Obama proposes government-run workers’ comp insurer
Buried as a line-item in the Fiscal Year 2014 budget, the Obama administration proposes replacing coverage currently written by private insurers for federal contractors working overseas with “a new government-wide fund” that would be administered by the U.S. Department of Labor, all part of a proposed bill called the Overseas Contractors Compensation Act.
The White House claims the fund is needed because of the exploding caseload of federal contractors in the past decade who work on overseas defense bases and public works projects.

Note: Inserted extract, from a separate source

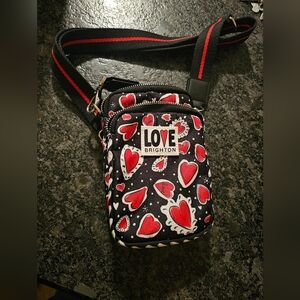 Brighton Mini Hearts A Flutter Crossbody Purse Phone Bag Wallet Small Black Red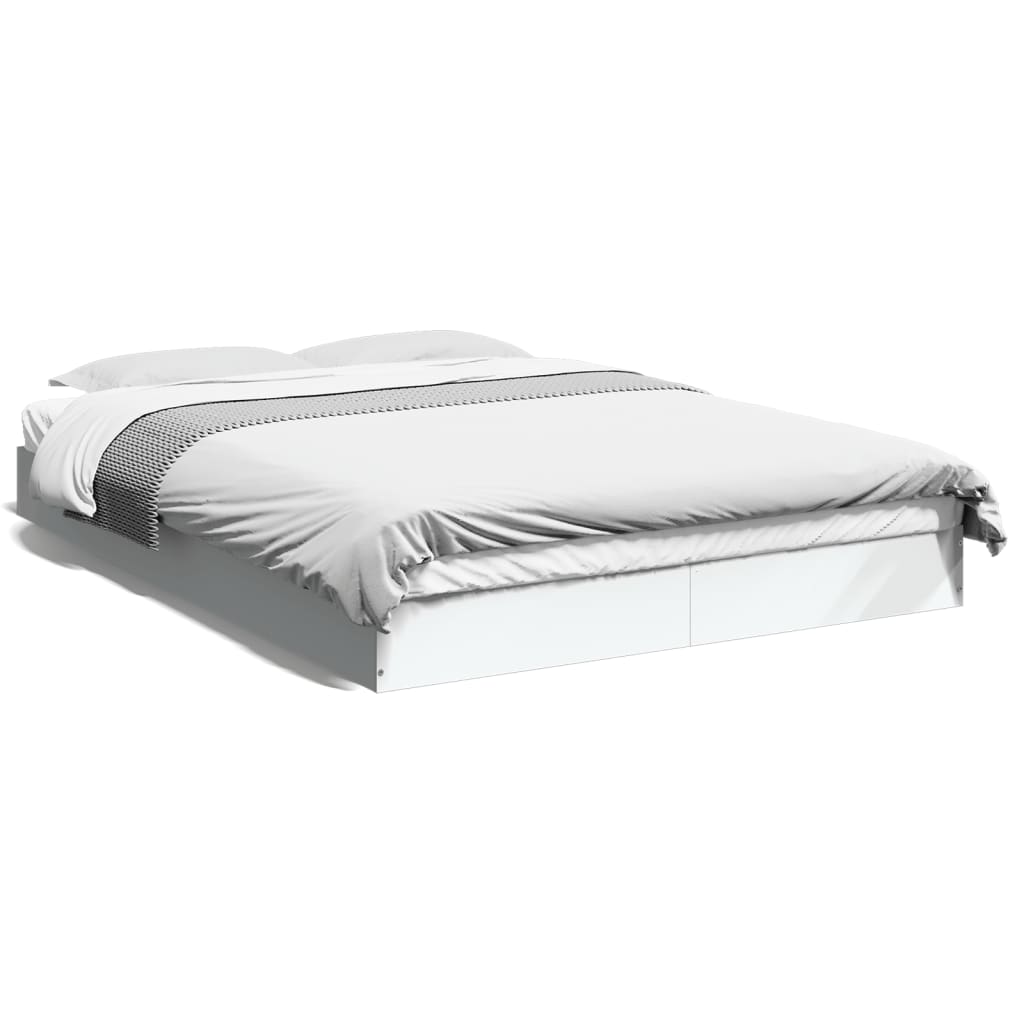 Sengeramme Hvit 140X200 Cm Konstruert Tre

According to the budget proposal, the number of workers’ comp cases covered under the federal Defense Base Act has increased from 430 in 2002 to 11,600 in 2011.
But R Street Senior Fellow R.J. Lehmann suggested the increased workload and processing costs associated with more federal contract workers in more foreign jurisdictions suggests the solution should be more, not less, private sector involvement.
“The federal government does not have a sterling history when it comes to running insurance plans, as we can see by the multi-billion dollar deficits of the National Flood Insurance Program, the Pension Benefit Guaranty Corp. and the Federal Housing Administration,” Lehmann said. “In addition, unlike the global insurance companies that currently provide coverage to federal contractors abroad, the DOL has no experience running a major workers’ comp program and no ability to project itself or communicate effectively in foreign countries where the worker injuries actually occur.”
Lehmann noted that in its most recent assessment of the performance of the Defense Base Act, the U.S. Department of Defense notes a number of significant problems that would arise from moving to a self-insured government fund, including:
- A higher risk of cost volatility, as well as possible Antideficiency Act implications
- Potential legal issues if contract employees are dissatisfied with the quality or timeliness of service
- Potential moral hazard problems and increased costs because contractors may no longer perceive they have a direct stake in the cost impact of their safety and risk management practices.
“Without much more detail about how such a program would work in practice, we would hope Congress will proceed with extreme skepticism about any purported cost-savings from this proposal. History is not on the federal government’s side on this one,” Lehmann said.